The Infamous Stanford Prison Experiment Is Coming To Screens

The Stanford Prison Experiment is one of the few “scientific” experiments most people know about. Yes, “scientific” is in quotes for a reason. And that reason promises to make it a way more interesting movie.

According to The Wrap, this particular dramatization of an experiment is finally hitting screens, and with a decent cast:

a movie about the infamous “Stanford Prison Experiment” is finally moving forward with Billy Crudup, Ezra Miller and Michael Angarano set to star and “C.O.G.” filmmaker Kyle Patrick Alvarez (“C.O.G.”) directing… The current version of the project has been in the works since 2002, when Emery first hired Tim Talbott to write the script. Since then, Emery has shepherded “Stanford Prison Experiment” through many obstacles, including the 2007 Writer’s Strike, which prevented the film from heading into production at the time.

As for how it broke through decades of Hollywood bureaucracy, well, let’s just say Ferguson has come up quite a bit in connection to this movie. People are interested in authoritarian abuse of power!

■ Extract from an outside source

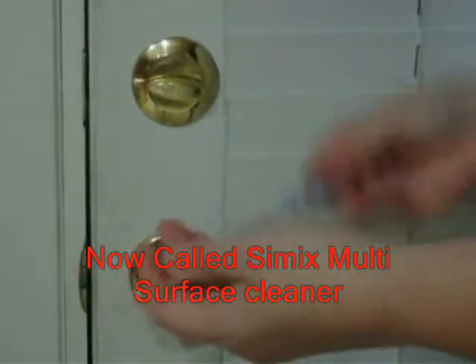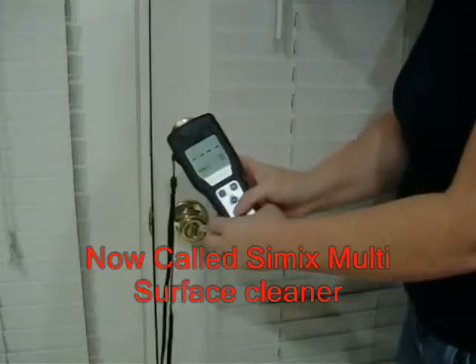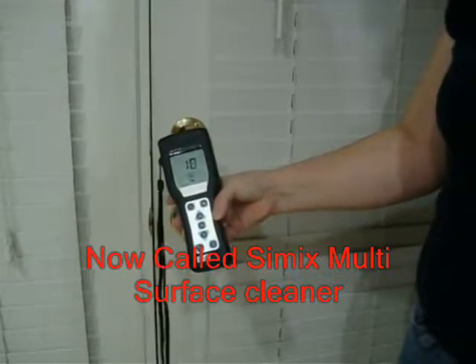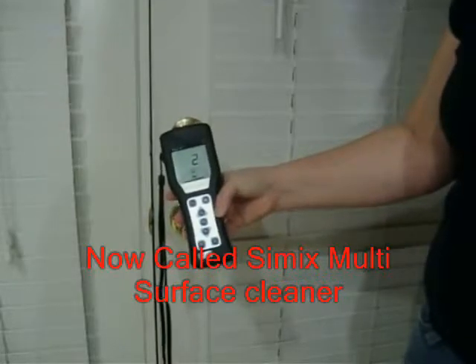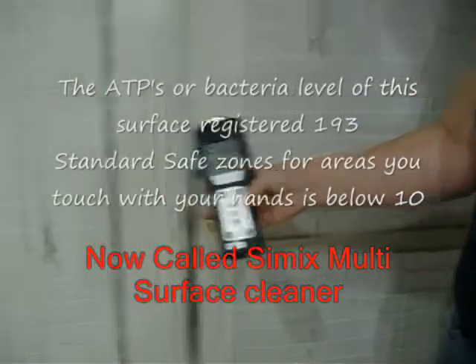ATP is a biochemical presence in all living organisms. If ATP is detected on a clean surface, it means the cleaning was not effective and the surface is a hazard for the spread of microorganisms. The ATP method is quick, simple, easy to do, and objective. The results are given in RLU, relative light units, and interpreted automatically by the testing equipment.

For those unfamiliar, the Stanford Prison Experiment is more an interesting dissection of how an experiment can fail, and fail badly. The experiment itself was simple: 24 people were recruited by a psychology professor, Phillip Zimbardo, and divided into two groups, prisoners and guards. They had to simulate prison life for two weeks. The goal was to test the hypothesis that prisons become abusive environments entirely because of the personality traits and personal failings of the guards, or if prison itself creates abuse.

As we all know, it promptly went to hell. The “prisoners” rebelled, the guards got violent, and the whole thing was terminated after six days. It’s not really considered a valid experiment: Everything from subject screening to the fact that Zimbardo has a lot invested in the idea of “situational attribution”, or the idea that environment affects behavior.

So it’s a controversial, at best, scientific experiment that can never really be repeated. But it should make one hell of a movie!